天皇、皇后両陛下は3日、皇居の御所と宮城県石巻市をオンラインでつなぎ、同市で開催された「第40回全国豊かな海づくり大会」に臨席された。東日本大震災からの復興状況の発信を掲げた大会は、新型コロナウイルス禍で昨年から1年延期に。今年も感染拡大防止のため両陛下の訪問は見送られたが、式典後、被災者と画面越しに懇談される機会も設けられた。

海づくり大会は、両陛下の恒例の地方公務の一つで、オンラインでのご臨席は初めて。現地会場では、大型のスクリーンに両陛下のお姿が映し出された。

天皇陛下はお言葉で、震災を乗り越え、宮城県で初めて大会が開催されることに触れ、「誠に意義深く、復興に向けた地域の人々のこれまでのたゆみない努力と関係者の尽力に深く敬意を表します」と述べられた。

午後には同市の漁港で放流行事も行われ、両陛下は漁船のパレードや、関係者によるホシガレイなどの稚魚の放流の様子をご視聴。地元の小学生が「この美しく豊かな海を、復興への感謝の気持ちと一緒に守り、育てていきます」と誓いの言葉を述べると、陛下は「海を大切に思う気持ちがよく伝わってきました」と語りかけられた。

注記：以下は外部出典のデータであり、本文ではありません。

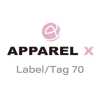 LABEL/TAG-70 Nhãn Dệt・thẻ Treo@70JPY/chiếc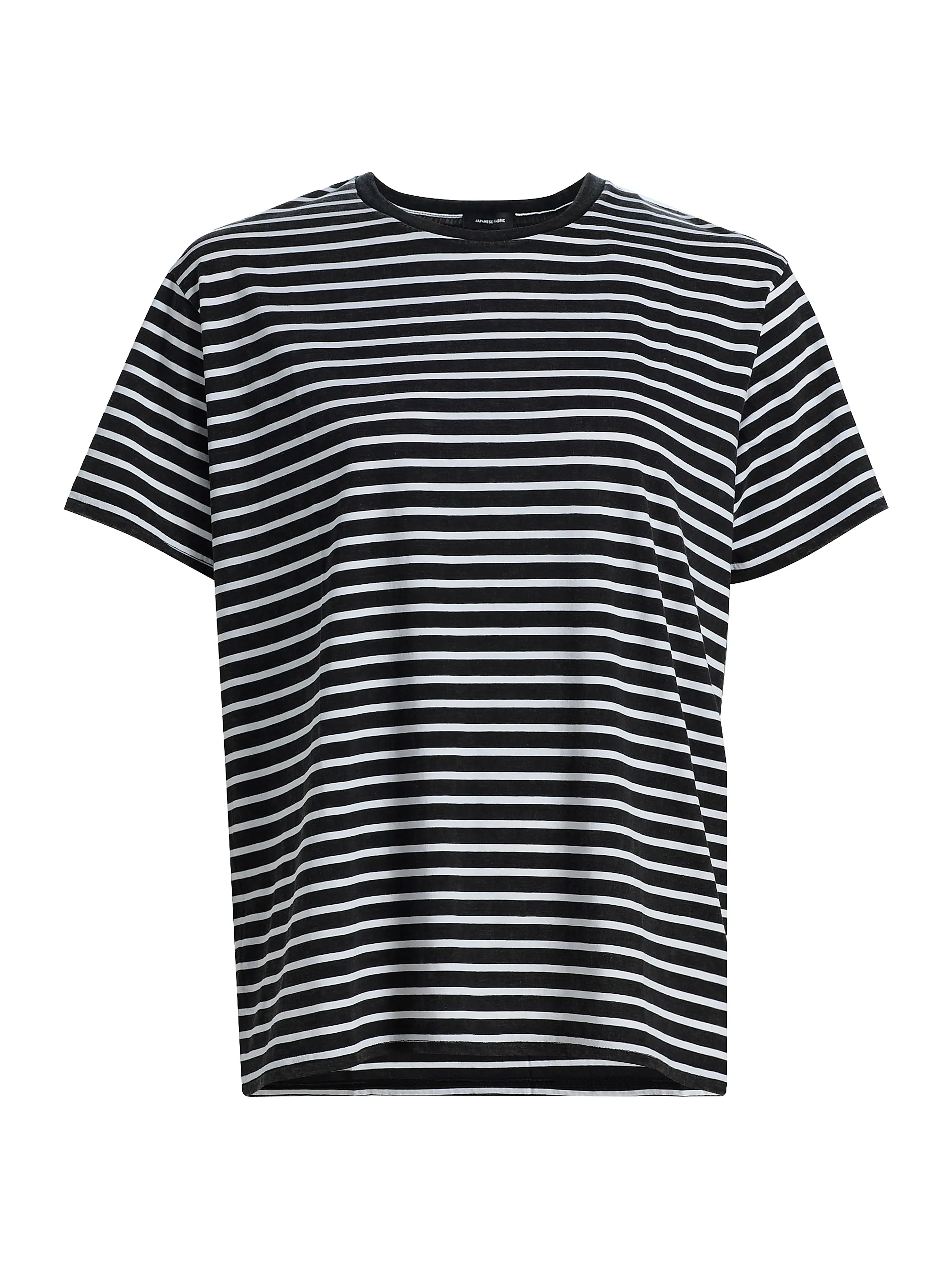Striped Cotton Boy T-Shirt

その後、両陛下は震災や津波の教訓を伝える同市の施設をご視察。続いて被災者との懇談に臨み、陛下は、津波で夫とともに営む水産加工の工場が被災した木村あけみさん(57)に対し、「いろいろ大変な思いをされたのでは」と気遣われた。営業再開後、子育て世代の女性が働きやすい環境の整備に取り組んでいるという木村さんの話に、皇后さまは「良い取り組みをなさっていますね」と言葉をかけられた。

懇談後、木村さんは「これからも頑張ろうと思うようなお言葉をいただいた」と話した。